# Data under study:
- - -
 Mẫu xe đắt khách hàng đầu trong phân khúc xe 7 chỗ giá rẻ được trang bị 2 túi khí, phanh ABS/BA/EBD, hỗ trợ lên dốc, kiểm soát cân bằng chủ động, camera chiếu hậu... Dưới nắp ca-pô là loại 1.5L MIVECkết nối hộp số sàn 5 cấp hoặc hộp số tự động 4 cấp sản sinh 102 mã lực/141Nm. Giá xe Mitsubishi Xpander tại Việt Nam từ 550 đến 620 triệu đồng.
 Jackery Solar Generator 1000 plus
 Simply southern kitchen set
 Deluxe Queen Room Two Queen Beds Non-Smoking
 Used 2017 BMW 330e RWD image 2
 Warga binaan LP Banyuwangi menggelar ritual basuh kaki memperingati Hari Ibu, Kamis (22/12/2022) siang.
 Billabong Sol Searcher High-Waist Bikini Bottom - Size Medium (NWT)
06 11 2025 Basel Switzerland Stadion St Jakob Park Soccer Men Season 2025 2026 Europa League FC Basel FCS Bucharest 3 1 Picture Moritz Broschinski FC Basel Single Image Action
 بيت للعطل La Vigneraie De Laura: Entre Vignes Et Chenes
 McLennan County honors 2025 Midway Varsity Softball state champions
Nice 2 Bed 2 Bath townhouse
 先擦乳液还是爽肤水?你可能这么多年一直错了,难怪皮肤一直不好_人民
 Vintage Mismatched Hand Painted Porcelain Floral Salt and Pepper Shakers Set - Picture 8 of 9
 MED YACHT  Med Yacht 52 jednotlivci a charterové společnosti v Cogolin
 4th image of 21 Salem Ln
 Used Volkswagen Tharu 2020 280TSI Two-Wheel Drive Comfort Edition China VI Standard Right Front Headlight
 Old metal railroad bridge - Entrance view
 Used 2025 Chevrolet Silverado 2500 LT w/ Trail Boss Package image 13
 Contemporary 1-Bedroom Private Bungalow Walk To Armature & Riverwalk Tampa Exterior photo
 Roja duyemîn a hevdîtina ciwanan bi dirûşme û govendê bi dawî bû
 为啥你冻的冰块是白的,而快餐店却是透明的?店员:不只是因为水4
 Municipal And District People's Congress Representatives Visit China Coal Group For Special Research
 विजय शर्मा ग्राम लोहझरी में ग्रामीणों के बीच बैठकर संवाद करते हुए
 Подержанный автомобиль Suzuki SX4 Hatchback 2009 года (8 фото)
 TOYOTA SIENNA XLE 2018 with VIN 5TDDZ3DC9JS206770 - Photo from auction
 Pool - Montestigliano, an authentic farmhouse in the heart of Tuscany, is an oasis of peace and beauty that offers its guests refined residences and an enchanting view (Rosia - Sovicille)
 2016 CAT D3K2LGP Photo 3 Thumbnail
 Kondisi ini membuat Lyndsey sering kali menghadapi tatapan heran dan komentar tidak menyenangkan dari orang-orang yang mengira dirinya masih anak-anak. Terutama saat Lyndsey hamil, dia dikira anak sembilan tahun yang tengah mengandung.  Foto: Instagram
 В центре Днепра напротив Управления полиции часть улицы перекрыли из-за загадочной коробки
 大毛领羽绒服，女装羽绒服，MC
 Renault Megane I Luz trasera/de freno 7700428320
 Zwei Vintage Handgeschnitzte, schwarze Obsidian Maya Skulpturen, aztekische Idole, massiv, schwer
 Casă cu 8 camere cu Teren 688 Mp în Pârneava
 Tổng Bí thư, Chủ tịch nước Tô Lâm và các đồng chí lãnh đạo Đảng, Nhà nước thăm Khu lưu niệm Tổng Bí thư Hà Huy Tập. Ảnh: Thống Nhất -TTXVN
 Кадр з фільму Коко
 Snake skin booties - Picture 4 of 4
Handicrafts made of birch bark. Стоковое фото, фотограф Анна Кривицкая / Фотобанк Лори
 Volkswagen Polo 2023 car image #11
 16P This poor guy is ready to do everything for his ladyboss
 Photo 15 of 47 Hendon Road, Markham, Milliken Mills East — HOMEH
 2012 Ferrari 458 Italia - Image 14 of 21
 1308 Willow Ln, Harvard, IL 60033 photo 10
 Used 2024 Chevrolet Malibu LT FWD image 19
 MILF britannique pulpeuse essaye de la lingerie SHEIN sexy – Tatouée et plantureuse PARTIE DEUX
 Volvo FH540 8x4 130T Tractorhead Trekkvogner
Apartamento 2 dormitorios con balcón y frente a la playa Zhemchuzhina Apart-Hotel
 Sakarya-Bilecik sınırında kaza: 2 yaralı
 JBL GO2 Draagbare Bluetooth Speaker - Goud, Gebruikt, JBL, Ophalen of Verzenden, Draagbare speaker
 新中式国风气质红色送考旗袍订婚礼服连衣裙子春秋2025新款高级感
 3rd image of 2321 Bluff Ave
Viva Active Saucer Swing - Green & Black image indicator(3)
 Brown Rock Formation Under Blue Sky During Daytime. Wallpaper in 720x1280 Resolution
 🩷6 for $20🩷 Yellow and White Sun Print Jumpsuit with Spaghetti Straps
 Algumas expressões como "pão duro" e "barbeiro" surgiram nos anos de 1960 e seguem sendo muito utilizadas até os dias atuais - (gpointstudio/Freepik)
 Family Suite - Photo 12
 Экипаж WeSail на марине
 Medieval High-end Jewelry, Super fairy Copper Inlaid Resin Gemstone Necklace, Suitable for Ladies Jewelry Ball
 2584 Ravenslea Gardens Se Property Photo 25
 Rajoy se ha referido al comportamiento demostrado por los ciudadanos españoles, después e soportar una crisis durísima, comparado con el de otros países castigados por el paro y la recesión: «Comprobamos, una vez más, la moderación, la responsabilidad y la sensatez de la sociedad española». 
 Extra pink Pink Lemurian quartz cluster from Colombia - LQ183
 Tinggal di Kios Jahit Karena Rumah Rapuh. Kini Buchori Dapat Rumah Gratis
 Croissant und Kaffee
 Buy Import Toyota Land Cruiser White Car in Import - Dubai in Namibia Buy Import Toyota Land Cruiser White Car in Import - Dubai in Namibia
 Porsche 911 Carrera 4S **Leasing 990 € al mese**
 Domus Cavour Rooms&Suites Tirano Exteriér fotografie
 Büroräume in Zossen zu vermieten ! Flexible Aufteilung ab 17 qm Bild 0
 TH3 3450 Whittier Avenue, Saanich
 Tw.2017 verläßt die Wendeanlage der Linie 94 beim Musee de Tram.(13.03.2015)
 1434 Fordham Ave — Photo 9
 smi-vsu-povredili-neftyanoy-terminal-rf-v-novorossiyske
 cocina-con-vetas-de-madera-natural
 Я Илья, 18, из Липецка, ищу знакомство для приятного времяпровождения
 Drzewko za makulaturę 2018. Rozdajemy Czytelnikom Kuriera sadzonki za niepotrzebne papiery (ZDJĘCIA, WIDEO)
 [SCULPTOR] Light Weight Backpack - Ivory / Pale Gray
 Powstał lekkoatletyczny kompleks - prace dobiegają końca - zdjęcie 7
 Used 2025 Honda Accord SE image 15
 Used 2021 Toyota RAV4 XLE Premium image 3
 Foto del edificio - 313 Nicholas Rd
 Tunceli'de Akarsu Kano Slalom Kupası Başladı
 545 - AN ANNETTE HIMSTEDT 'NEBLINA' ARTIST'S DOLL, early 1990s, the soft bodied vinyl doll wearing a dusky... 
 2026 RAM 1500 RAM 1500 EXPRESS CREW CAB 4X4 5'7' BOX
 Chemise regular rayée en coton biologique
- - -
# What is needed:
Please find every line in the records above that holds the word "Volkswagen" and copy it.

# Solved exercise:
 Used Volkswagen Tharu 2020 280TSI Two-Wheel Drive Comfort Edition China VI Standard Right Front Headlight
 Volkswagen Polo 2023 car image #11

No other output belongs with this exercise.